Scoop Oelke Open set for July 21
Maryland Attorney General Brian Frosh — you remember him; the state legislature gave him a million or so in taxpayer money so his office could hire five attorneys to sue the president without needing the permission of the governor — testified in federal court that Republicans were not harmed by the way Maryland congressional districts were drawn in 2013.
So, the people responsible for the shape of our 2nd District, which doesn’t resemble a district so much as an ink spill, along with meandering messes like the 3rd and 4th districts, were just idiots?
From what I hear, there are places in this country where it hasn’t rained for a while, long enough they’ve coined a name for it: drought. And this absence of rain is considered a bad thing.
Around these parts, of course, we have terms for when water falls from the sky, and most of them are unprintable.
May was a particularly bad month for those who like to see clear skies every now and again, with so much rain that sports had to downgrade the definition of playable conditions to “is the mud still less than ankle deep?”
Which is why some of you may have noticed there was no mention of the Scoop Oelke Open Golf Tournament in May.
The Scoop Open is traditionally played on the first Friday in May. For the second year in a row, it is now being traditionally held on the third Friday in July.
Due to conditions at the Rocky Point Wetlands ... errr, Golf Course, the Scoop Open could not be played on its usual May date. Like last year, rain had rendered the course essentially unplayable.
But, hey, life, lemons, lemonade and all. Some of those past Oelke Opens have featured pretty cold weather. Little chance of that happening in July. So it comes down to whether you can putt better while shivering, or sweating.
And for any foursomes who couldn’t make it to the tournament in May, well, now you still have time to register.
Any foursomes who want to register for the July 21 event can do so by contacing Joe Cristy at 410-236-6212.
The annual Scoop Oelke Open is named for Greater Dundalk Sports Hall of Fame member and Dundalk
Eagle founder Kimbel “Scoop” Oelke. It’s the sole fund-raiser for the Greater Dundalk Sports Hall of Fame.
The tournament also funds three scholarships at CCBC Dundalk, in memory of Charles Holsten, Chip Wischuck and Richard McJilton.
For single players (who will be placed in a foursome), the registration fee is $110. Foursomes register for $440.
The tournament is played in a “best ball” format. Prizes are awarded to the top three foursomes, and awards are given to the closest to the pin on select holes.
A golf club will be raffled off. Food and drinks will also be available, and there is a post-tournament luncheon. *** The National Federation of State High School Associations last month announced some for rule changes for high school baseball.

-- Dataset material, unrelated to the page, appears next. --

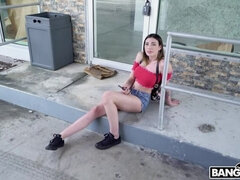 Leie, Grosse titten, Blasen, Braunhaarige, Vollbusig, Spermaladung, Hundestellung, Reiten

The recommendations for the changes were made during the NFHS meeting from June 4-6 in Indianapolis. The recommendations were subsequently approved by the NFHS Board of Directors.
All baseballs used in high school games must now meet the National Operating Committee on Standards for Athletic Equipment (NOCSAE) standard at the time of manufacture.
So, all baseballs used by high schools in every part of the country will be the same size, weight and have “similar playability.”
Ummmm ... okay. Not sure how much of an impact that will have, or how much of an impact it did have, or even if there were noticeable differences in baseballs throughout the country. Obviously, someone thought it was worth addressing. Hey, what use is having a committee for national operating standards, otherwise?
Another new rule will require all catchers to wear a chest protector that meets NOCSAE standards; those standards having been developed to protect the catcher’s heart and chest from commotio cordis, which is a lethal disruption of heart rhythm caused by a blow directly over the heart.
In these litigious times, I figure that any chest protector produced by a reputable equipment manufacturer meets those standards. But, okay, safety first.
Two other rules were modified: bats can no longer have any “exposed rivets, pins, rough or sharp edges, or any form of exterior fastener or attachment that would present a potential hazard;” and batters who draw walks can now overrun first base and return safely.
So, all that stuff was allowed on bats up until now? Seems pretty straightforward. I guess it wasn’t expressly forbidden by the rules, and there was a spate of batters coming to the plate with exposed rivets and sharp edges on their bats? *** High school softball also saw some changes. Intentional walks can now be requested, awarding the batter first base without having to throw four pitches outside the strike zone.
A rule that was just introduced a few years ago has now been rescinded. Equipment must no longer be paced outside the dugout or bench for the umpire to inspect prior to a game; coaches and school administrators are not expected to make sure players are using legal equipment.
Umpires can still notice if illegal equipment is used during a game, and assess penalties in that event.
Wristbands that include a playbook or playcard are now classified as equipment, and must be a single solid color other than optic yellow.
Pitchers will now be allowed to step backward with their non-pivot foot at any time prior to the start of the pitch.